Posted by
Brian Peters on Saturday, June 20, 2009 10:35:13 AM
Riyadh
and Arab Gulf see Shiite hands behind Iraqi Sunni leader's assassination
12
June: The assassination Friday, June 12,
of Hareth al-Obaidi, head of the Iraqi Accordance Front bloc, was a major
disaster for the Sunni Arab world and an omen of worse to come as US combat
troops prepare to leave Iraqi cities by the end of the month.
Fears of a systematic liquidation of Sunni leaders in Iraq at the hands
Iraqi and Iranian Shiites figured large in US president Barack Obama's
last conversation with Saudi king Abdullah in Riyadh on June 3.

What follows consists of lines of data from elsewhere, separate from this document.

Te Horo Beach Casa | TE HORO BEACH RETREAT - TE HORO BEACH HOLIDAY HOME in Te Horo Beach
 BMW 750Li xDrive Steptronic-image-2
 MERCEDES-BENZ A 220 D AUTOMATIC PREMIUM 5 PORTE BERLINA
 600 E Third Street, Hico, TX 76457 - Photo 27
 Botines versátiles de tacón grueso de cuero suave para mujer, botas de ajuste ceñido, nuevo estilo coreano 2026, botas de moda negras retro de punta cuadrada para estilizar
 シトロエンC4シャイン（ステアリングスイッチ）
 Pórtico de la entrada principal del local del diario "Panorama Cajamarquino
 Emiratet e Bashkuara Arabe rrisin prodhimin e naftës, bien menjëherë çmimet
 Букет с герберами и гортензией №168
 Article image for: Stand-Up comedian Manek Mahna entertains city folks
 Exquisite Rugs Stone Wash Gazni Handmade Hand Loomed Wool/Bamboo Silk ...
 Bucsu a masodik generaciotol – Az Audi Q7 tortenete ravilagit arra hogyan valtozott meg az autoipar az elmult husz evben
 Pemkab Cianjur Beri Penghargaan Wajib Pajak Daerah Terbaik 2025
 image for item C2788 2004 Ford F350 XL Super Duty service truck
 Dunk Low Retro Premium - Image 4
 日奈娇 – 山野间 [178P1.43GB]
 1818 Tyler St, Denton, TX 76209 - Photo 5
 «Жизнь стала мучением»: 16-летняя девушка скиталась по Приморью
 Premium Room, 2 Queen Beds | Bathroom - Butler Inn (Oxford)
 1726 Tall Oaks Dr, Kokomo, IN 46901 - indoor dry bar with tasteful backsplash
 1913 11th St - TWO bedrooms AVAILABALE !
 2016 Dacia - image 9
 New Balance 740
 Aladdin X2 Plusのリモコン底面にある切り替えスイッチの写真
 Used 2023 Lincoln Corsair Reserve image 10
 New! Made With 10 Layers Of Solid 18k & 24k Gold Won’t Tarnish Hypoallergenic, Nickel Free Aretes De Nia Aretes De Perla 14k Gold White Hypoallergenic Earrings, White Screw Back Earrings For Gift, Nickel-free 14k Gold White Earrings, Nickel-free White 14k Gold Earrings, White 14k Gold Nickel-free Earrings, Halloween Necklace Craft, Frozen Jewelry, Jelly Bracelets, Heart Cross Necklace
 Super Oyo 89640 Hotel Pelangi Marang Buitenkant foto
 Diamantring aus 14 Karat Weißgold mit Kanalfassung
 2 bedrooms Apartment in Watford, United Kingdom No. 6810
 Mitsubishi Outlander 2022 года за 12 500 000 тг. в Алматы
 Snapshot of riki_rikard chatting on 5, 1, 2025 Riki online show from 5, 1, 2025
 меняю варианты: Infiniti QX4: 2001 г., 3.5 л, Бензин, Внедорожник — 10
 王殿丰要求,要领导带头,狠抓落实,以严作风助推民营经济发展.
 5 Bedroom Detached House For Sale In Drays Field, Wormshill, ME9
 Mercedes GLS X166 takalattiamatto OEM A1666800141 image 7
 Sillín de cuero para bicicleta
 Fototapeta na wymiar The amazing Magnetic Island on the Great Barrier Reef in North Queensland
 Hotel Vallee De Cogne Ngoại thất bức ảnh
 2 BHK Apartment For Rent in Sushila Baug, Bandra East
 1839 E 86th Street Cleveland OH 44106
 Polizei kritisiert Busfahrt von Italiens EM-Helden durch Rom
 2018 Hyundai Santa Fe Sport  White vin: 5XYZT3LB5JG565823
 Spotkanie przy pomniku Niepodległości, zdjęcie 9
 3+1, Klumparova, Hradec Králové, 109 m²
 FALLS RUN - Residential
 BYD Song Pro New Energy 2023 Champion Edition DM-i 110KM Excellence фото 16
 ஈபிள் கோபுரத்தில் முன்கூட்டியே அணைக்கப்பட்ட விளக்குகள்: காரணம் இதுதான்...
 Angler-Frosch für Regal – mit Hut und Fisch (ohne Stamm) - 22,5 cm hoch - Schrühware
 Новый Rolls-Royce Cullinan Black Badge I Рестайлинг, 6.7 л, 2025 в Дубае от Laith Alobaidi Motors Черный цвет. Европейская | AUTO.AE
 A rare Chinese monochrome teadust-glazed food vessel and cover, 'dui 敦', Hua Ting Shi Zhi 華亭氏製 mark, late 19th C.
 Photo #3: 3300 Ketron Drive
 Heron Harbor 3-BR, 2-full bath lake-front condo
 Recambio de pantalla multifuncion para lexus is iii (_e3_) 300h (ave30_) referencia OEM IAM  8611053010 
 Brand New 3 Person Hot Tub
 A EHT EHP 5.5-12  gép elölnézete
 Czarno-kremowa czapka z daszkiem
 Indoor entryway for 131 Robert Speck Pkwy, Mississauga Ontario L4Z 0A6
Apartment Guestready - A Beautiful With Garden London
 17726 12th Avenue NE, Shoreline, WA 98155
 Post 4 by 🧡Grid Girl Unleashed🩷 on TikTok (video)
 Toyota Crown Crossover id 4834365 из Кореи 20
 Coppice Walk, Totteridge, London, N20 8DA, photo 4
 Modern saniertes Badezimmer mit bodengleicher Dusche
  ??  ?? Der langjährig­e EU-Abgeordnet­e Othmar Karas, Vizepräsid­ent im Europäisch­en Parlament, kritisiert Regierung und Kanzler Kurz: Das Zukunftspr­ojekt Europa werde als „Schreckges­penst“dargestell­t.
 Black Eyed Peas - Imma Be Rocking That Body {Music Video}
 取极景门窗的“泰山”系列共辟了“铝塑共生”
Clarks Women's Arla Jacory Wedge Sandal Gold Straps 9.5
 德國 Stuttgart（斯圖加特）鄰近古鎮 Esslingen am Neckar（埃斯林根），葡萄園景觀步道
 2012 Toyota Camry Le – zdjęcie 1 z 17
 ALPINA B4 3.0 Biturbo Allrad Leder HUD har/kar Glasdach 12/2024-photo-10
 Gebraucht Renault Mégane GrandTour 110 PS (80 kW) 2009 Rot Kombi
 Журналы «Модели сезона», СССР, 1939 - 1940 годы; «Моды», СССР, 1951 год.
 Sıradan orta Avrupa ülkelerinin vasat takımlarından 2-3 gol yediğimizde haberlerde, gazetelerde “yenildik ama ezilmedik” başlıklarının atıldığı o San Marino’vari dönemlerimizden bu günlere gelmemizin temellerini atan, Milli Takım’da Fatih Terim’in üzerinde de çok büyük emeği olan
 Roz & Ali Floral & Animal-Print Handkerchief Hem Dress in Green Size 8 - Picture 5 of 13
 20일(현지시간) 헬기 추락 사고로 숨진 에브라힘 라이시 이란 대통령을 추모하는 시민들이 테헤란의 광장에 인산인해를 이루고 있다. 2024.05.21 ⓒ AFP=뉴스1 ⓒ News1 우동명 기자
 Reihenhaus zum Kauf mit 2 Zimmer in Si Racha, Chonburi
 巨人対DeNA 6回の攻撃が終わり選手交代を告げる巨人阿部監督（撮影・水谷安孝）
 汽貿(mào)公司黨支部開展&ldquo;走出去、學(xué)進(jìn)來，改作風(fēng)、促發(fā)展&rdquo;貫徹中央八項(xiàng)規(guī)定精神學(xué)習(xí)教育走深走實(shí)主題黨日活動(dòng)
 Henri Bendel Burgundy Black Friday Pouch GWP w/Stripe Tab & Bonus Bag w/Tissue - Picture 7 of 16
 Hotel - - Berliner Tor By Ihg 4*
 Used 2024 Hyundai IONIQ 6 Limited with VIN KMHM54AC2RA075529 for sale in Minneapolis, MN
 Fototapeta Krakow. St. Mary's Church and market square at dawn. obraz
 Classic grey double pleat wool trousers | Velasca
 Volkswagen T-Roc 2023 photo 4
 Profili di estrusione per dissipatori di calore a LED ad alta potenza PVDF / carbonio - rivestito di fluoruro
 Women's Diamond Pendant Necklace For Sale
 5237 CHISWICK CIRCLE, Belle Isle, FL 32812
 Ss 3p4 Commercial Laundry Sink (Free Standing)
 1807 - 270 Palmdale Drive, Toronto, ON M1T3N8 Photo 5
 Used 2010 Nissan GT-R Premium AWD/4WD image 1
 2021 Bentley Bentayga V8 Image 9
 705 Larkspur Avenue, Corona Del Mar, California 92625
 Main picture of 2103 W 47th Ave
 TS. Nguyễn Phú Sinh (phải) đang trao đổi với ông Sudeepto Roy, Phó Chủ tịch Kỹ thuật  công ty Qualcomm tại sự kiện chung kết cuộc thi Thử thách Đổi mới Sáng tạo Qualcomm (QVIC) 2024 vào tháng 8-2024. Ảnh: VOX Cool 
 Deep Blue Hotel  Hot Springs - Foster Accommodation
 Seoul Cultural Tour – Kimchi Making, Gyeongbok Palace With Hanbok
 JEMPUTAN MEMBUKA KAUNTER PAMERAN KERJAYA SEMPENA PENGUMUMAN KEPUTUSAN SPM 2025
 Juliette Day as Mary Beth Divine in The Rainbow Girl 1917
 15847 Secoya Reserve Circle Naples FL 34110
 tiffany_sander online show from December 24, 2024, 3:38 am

Al-Obaidi, an imam, who was also deputy head of the Iraqi parliament's
Human Rights Committee, was specifically targeted by a 15-year old gunman,
who burst in the al-Shawaf Mosque in Baghdad's western Yarmouk neighborhood
after Friday prayers. The killer made straight for his target having clearly
been briefed in advance.
When they met in Riyadh, Obama asked King Abdullah to put a stop to young
Saudis crossing into Iraq to fight with Iraqi Sunni insurgents. The king
rebuffed him and accused Shiite prime minister Nouri al-Maliki of joining
with Tehran to conduct a systematic purge of Sunni Arab political and
military power centers in Iraq.
The monarch warned the US president that Tehran would be encouraged to
intensify this campaign by the imminence of US-Iran talks.